Yukarda ki yazıya ve düşüncelere özellikle Türkiye genelinde ki başta FETÖ yapılanmasının ortaya çıkması ile birlikte katılmamak konu üzerinde düşünmemek abesle iştigal olur diye düşünüyorum.
Yine birileri de Türkiye deki halkı savaşla cephelerde yapılacak harplerle toplarla tüfeklerle yenmek çok kolay bir durum değil ancak ve ancak onları “ DİN “ Silahı ile vurarak birbirine düşürerek yenebilirsiniz demişlerdir.
Emperyalizmin en büyük felsefesi harekâtı anlayışı da zaten” böl parçala yönet “ kültürü üzerine kurulmuştur.
Bu anlamda özellikle de son 19 – 20 yıla baktığımızda bütün oyunlar Türkiye de eğitimin üzerinde oynanmıştır. AKP iktidarı döneminde bakanlarının en çok değiştiği bakanlık Milli eğitim bakanlığı olmuştur.
Ancak her gelen bakan giden bakanın yaptığı uygulamaları sistemi düzeni beğenmemiş bu böyle yürümez demiş ve yeni birtakım kendine göre sistem oluşturmaya çalışmış ancak hepsinde de milli eğitim bakanlığı da eğitim sistemimizde battıkça batmış ve bu gün eğitim sistemimiz yerlerde sürünmektedir.
Yukarda da belirtildiği gibi eğitim gerçekten çağdaş laik demokratik bir eğitim olmadıkça matematiği seçmeli din dersini mecburi yaptığın sürece bu gün olduğu gibi tam bir keşme keşlik yaşanır.
Tıp fakültelerine FETÖ cüler in hazırladığı kopyalar ile kopya çekilerek girilir ve bitirilirse hastalar doktorların elinde kalır hasta sahiplerinde dayak yerler.

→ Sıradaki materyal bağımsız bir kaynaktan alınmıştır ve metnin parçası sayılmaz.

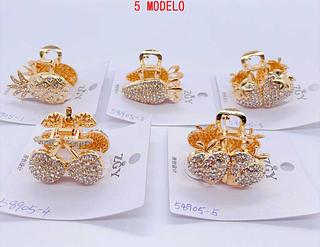 Presilha fruta (dúzia)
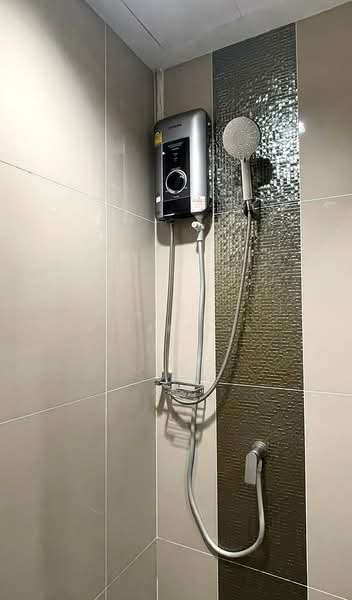 IDEO New Rama 9, Bangkok, 7 Ramkhamhaeng Road, Hua Mak, Bang Kapi, Bangkok, 1 Bedroom, 26 sqm, Condo For Rent, by กำพนธ์ อัศวศิริวิลาศ, 500196603 - DDproperty.com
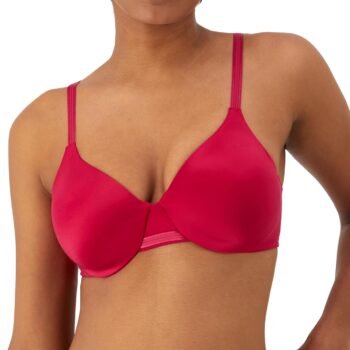 Women's  Underwire, Smoothing & Concealing Full-Coverage Bra,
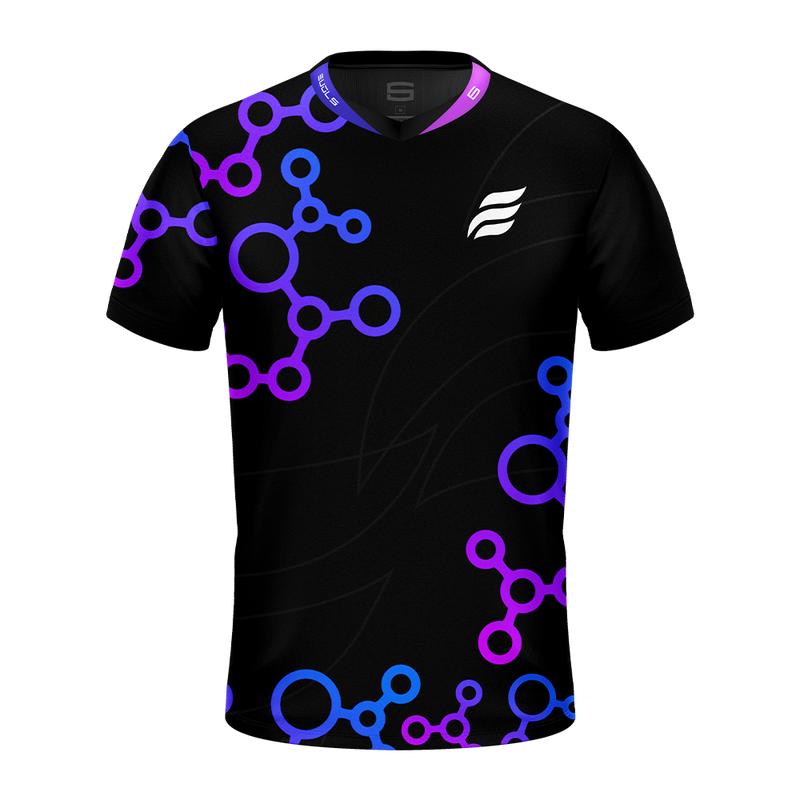 Evols Pro Jersey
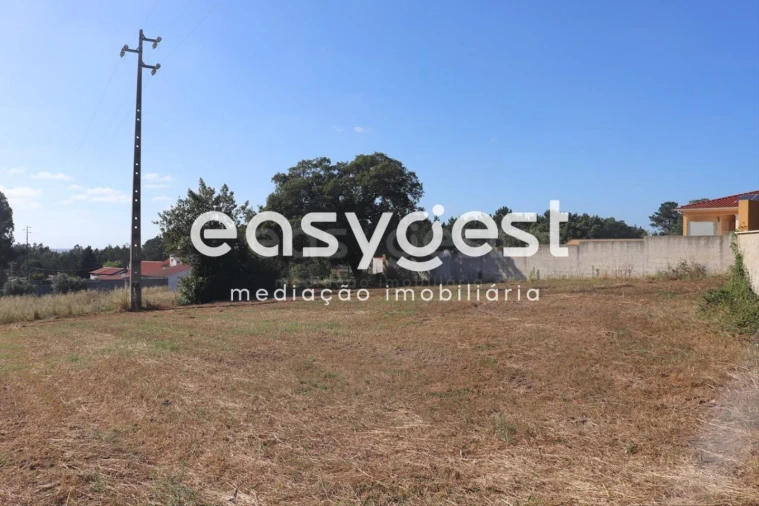 Terreno para Venda em Monte Redondo e Carreira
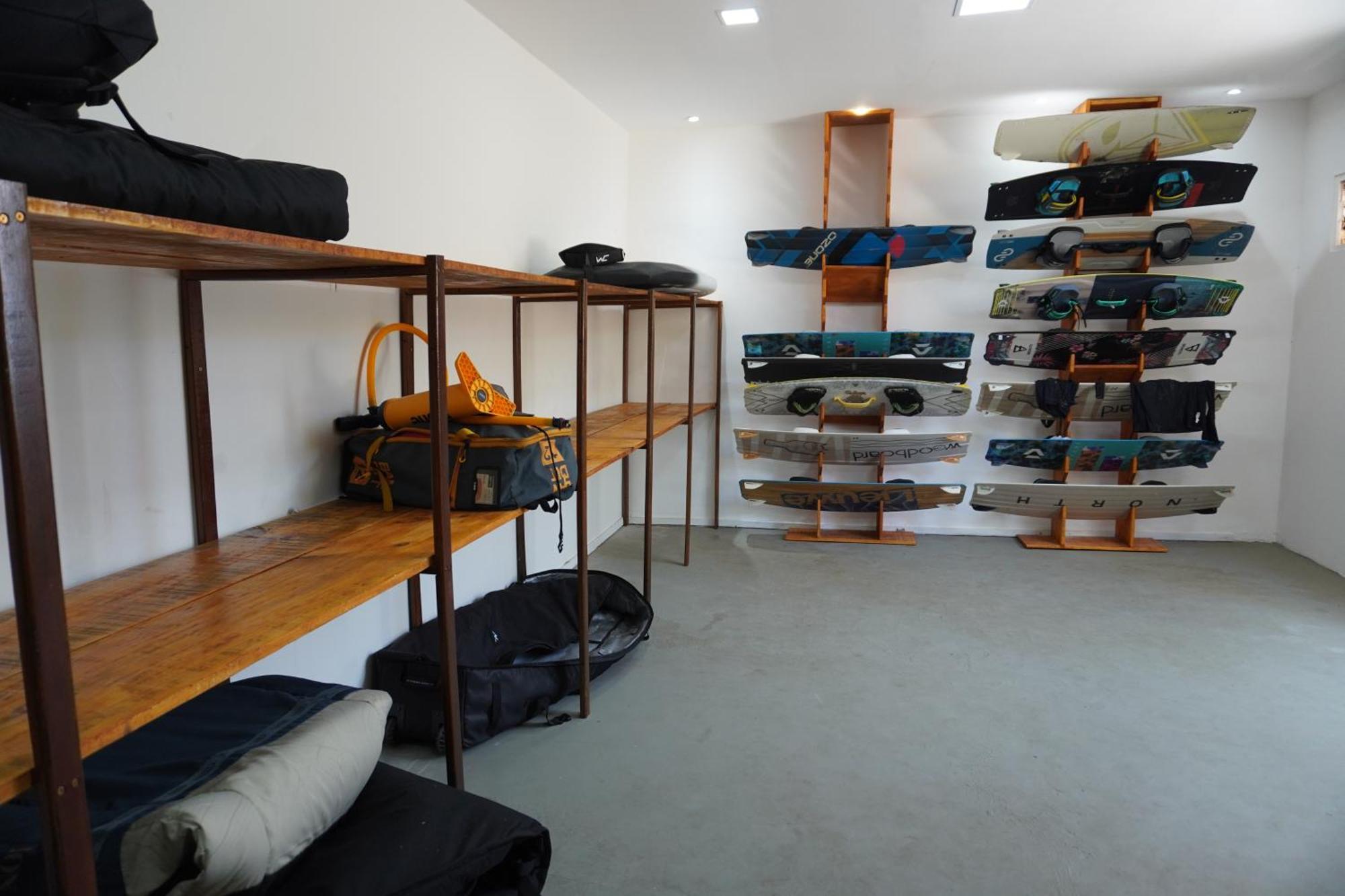 Casa Nomade Otel Itarema Dış mekan fotoğraf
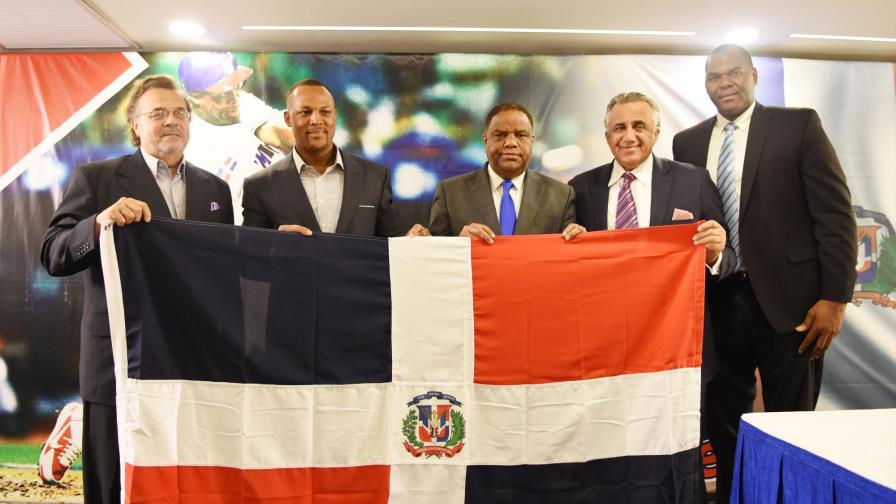 Adrian Beltré: “Sé que tengo que trabajar todos los días para ser mejor que cualquiera que esté cerca de mí”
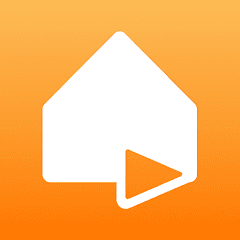 AlfredCamera logo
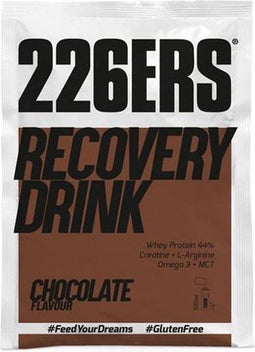 226ERS Recovery Drink Chocolate - sachet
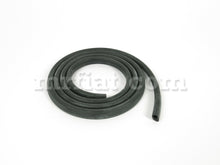 Load image into Gallery viewer, Alfa Romeo Spider Side Radiator Profile Gasket 1970-94 OEM Glass and Seals Alfa Romeo
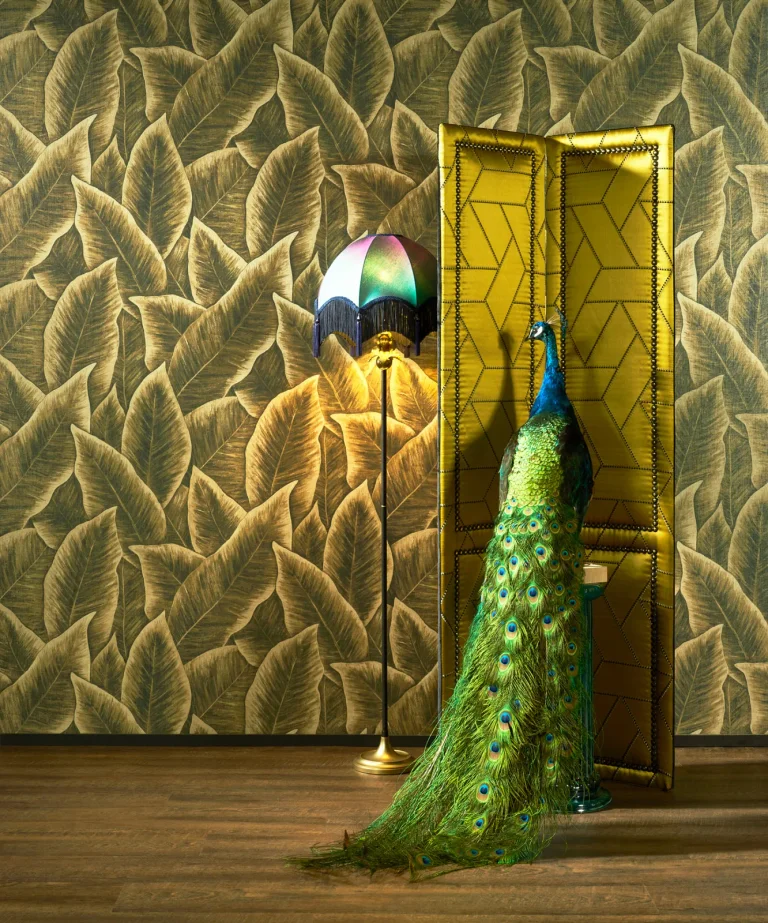 Bird Of Paradise Emerald — Ảnh 6
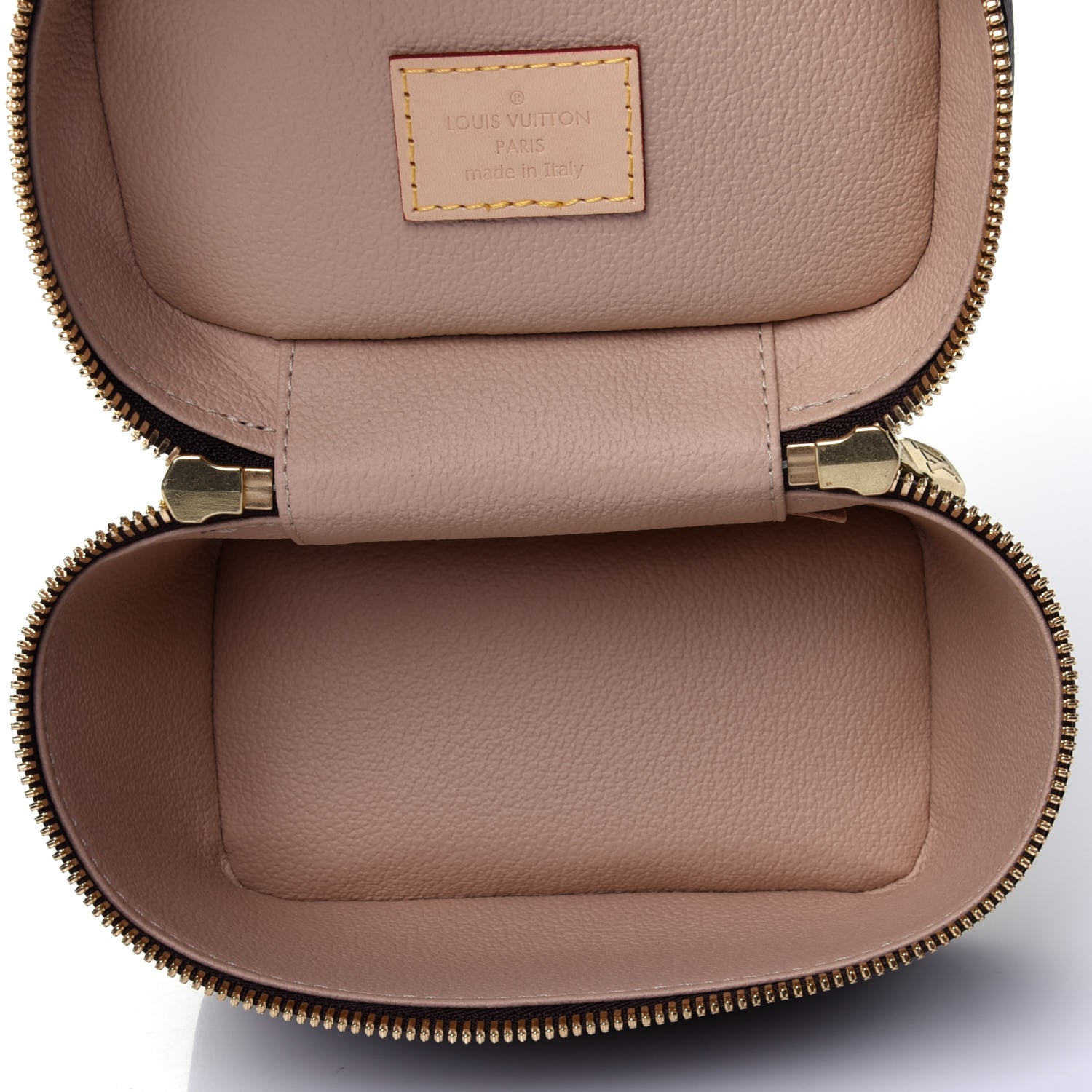 Louis Vuitton Monogram Nano Nice 4 of 5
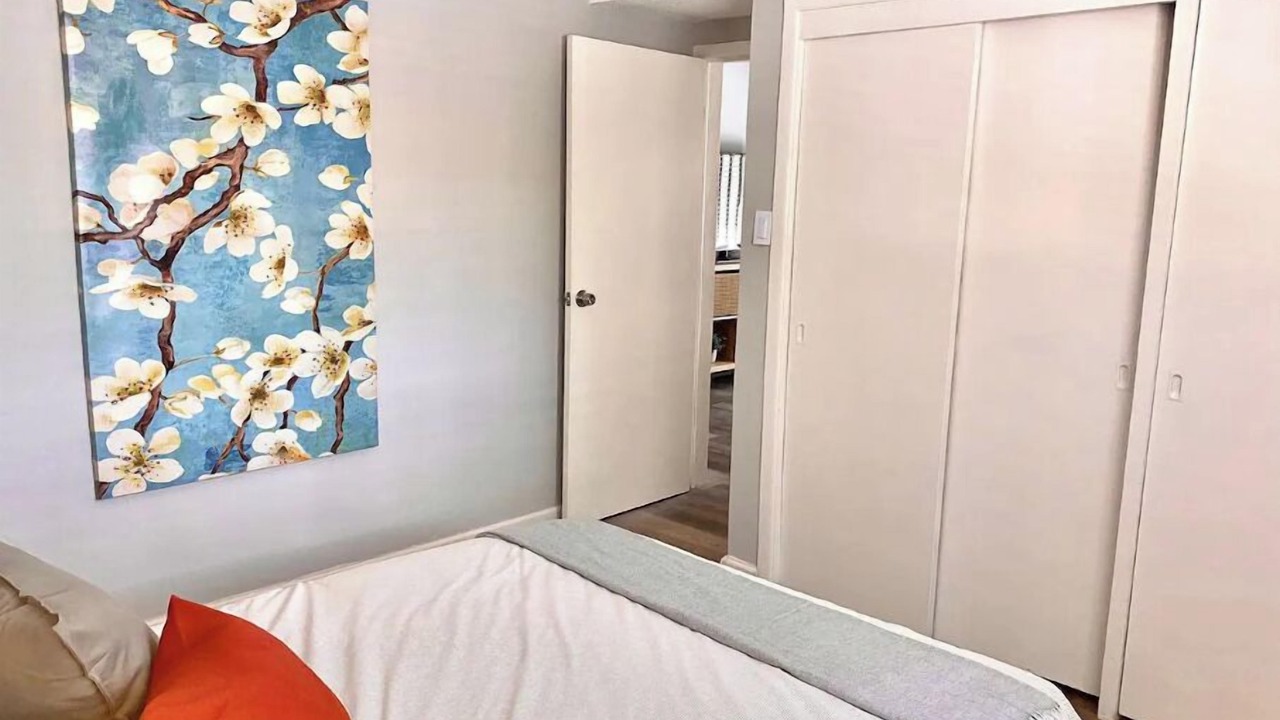 Photo of Bedroom in Juarez Municipality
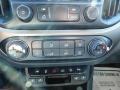 Summit White - Colorado Z71 Crew Cab 4x4 Photo No. 33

Binalar işten anlamayan ancak sadece bir şekilde mühendislik diploması bulunan kişilerin ellerinde çöker.
Ekonomi Damat ve gibi ekonomiden bi haberlere teslim edilen para buharlaşır erir gider.
Diyanet gibi tüm İslam âleminin rehberi olması gereken bir kurum tek bir yerin onaylama makamı olur dini kurallar yerine saray kuralları uygularsa din başta öldürülmüş olur.
Adalet herkese eşit şekilde uygulanmadığı sürece hâkimler savcılar kopya çekerek ya da çektirilerek o makama gelirse (ki son on yılda binlerce hâkim savcı tutuklandı ihraç edildi )adalet kaybolur gider gitmiş durumda. Az da olsa haktan hukuktan adaletten yana hâkim savcı kalmışsa onlarda zorunlu olarak beklemede ve gizlenmekte durumu idare etmektedirler.
Düşünün bu ülkede hukuk fakültesine birkaç gün önce bir veteriner halk dilinde “baytar “ dekan olarak atandı. Ha keza çok önemli lojistik makamlara da aynı şekilde atamalar yapıldı.
Eğitimde İmam hatipleri öne çıkardılar ne kadar imam ve hatibe ihtiyacımız var bilmiyorum.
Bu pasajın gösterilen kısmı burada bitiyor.